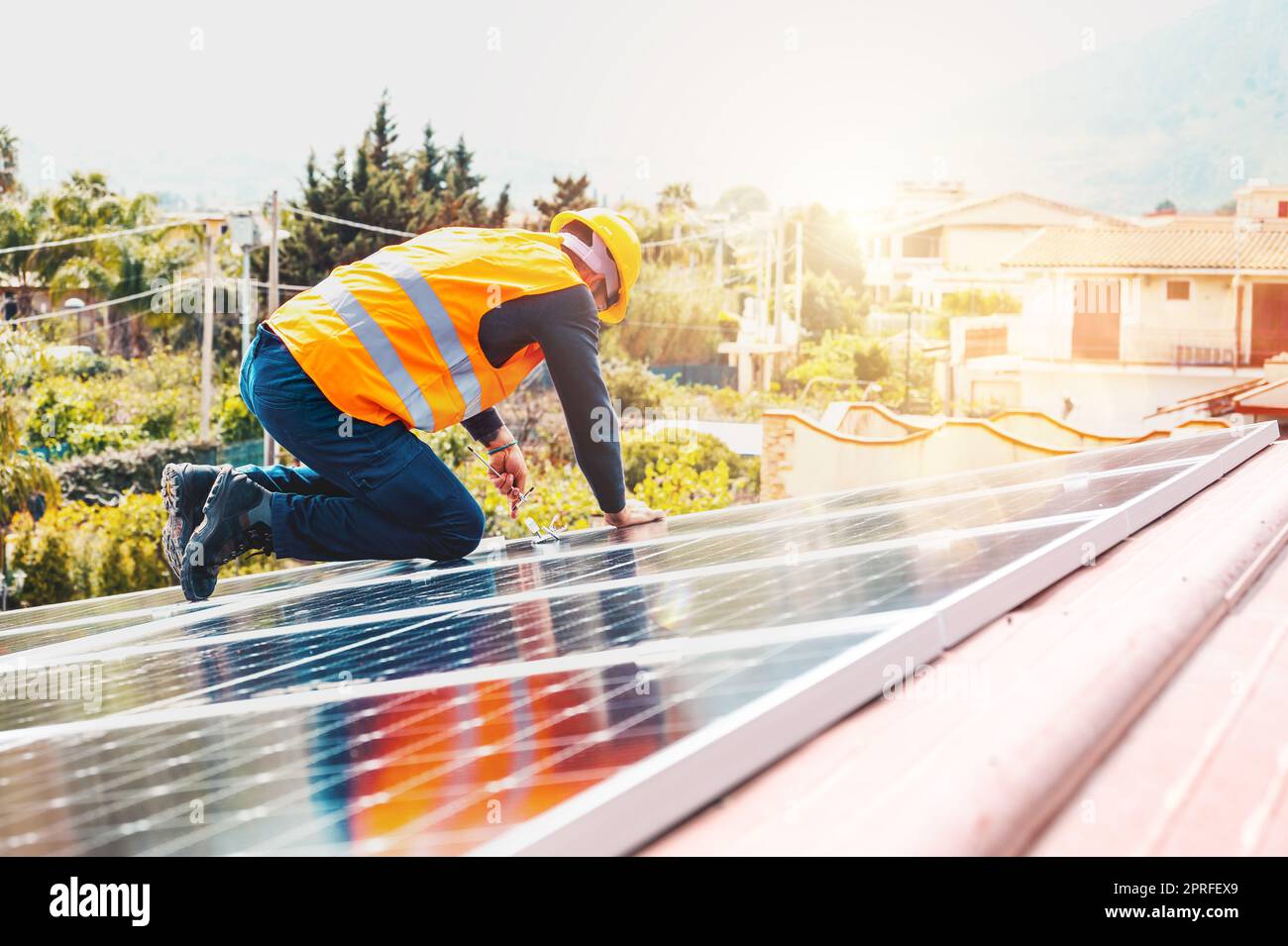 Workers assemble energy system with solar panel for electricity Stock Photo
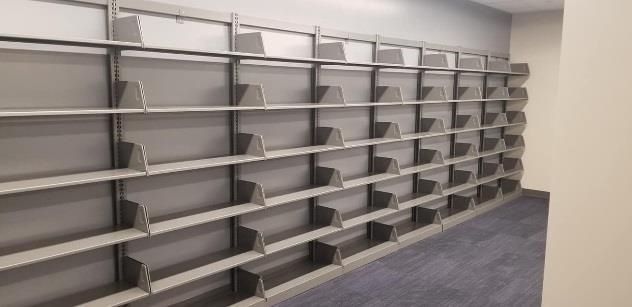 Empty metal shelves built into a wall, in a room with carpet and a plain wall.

* * *

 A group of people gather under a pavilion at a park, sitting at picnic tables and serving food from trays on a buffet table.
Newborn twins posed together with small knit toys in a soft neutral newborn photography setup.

--

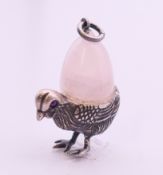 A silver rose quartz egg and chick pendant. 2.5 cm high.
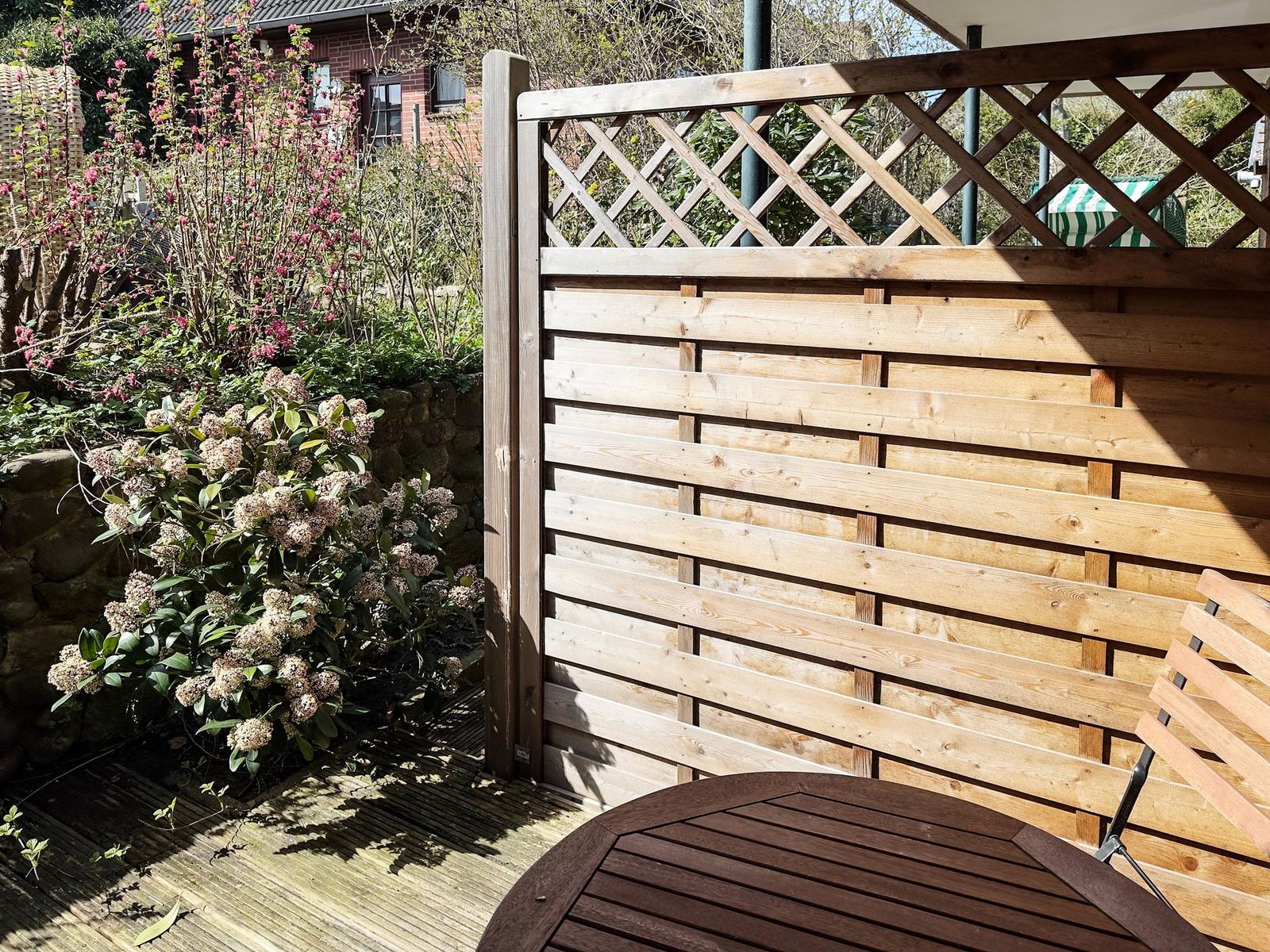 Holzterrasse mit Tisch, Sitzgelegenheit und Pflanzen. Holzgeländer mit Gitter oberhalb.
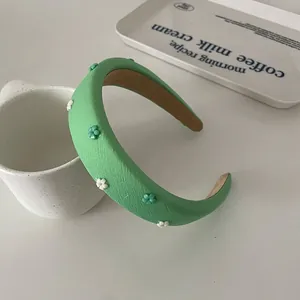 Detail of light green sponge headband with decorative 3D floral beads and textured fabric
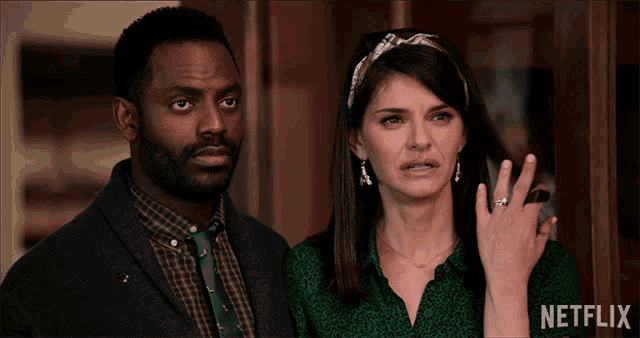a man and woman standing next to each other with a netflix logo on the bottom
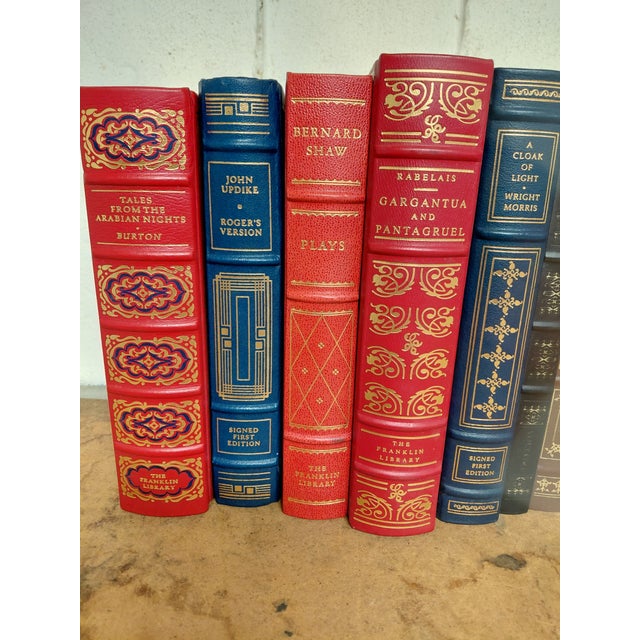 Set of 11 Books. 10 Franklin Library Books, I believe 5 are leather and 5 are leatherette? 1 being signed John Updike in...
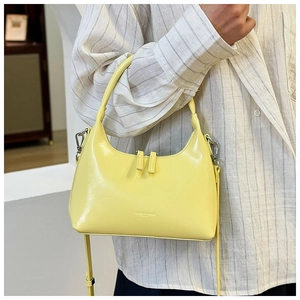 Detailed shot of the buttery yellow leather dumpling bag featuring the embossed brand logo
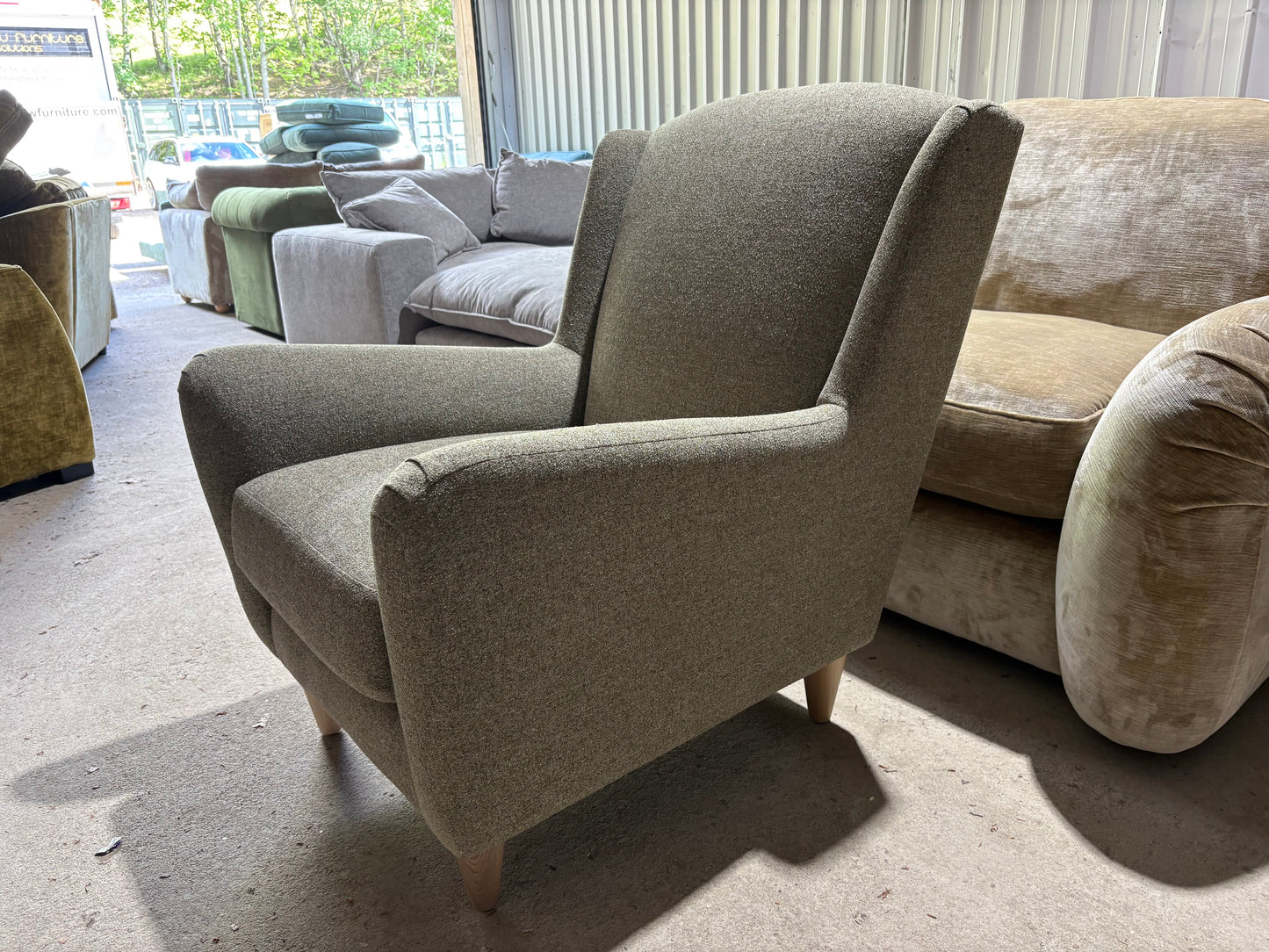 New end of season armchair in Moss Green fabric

[Goal of the exercise] Starting at the line containing "Workers assemble energy" and finishing at the line containing "Empty metal shelves", return those lines exactly as they appear above, without the pictures.

[Response area]
 Workers assemble energy system with solar panel for electricity Stock Photo
 Empty metal shelves built into a wall, in a room with carpet and a plain wall.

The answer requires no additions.